Coalition ‘to lower immigration’
Coalition ‘to lower immigration’
The Government is committed to cutting the number of immigrants to the UK, according to Home Secretary Theresa May.
A temporary cap of 24,100 workers from outside the EU can enter the UK before April next year, when a permanent cap is introduced.
Mrs May said the temporary cap would prevent a surge in the numbers of people entering the country in the coming months, and would lead to a fall of 5% on last year's figures.
The Home Secretary said the measure was one of a number of solutions being explored by the coalition Government as it tries to meet the Conservatives' election pledge to lower immigration numbers.
During the election campaign the Conservatives said they wanted to reduce the figure to the "tens of thousands".
"Introducing this temporary limit is necessary to ensure that we don't get a rush of people trying to come through into the UK before that permanent limit is put in place next year," Mrs May told the BBC Radio 4 Today programme.

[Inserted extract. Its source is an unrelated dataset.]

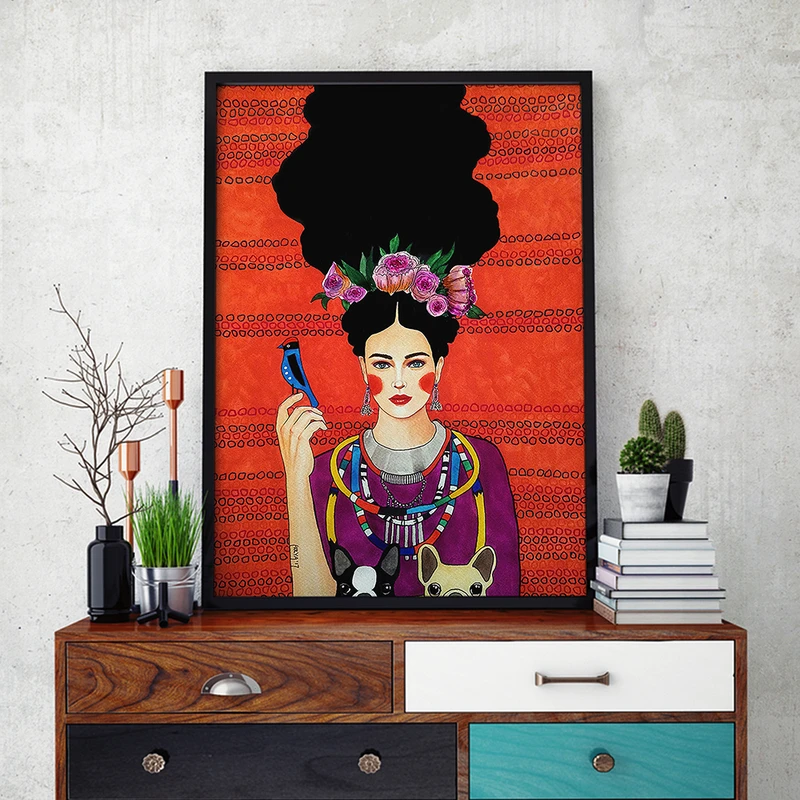 تابلو سالی وود مدل گرچه صحبت کرده ایم کد T300146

"What we have as an aim is indeed to bring immigration down from the hundreds of thousands that it became under Labour to the tens of thousands that it used to be. There are various ways in which we do that."
Mrs May rejected suggestions that there was little the Government could do to reduce overall numbers as the majority of immigrants came from the European Union.
She said that according to the most recent immigration figures, just over half – 52% – came from outside the EU.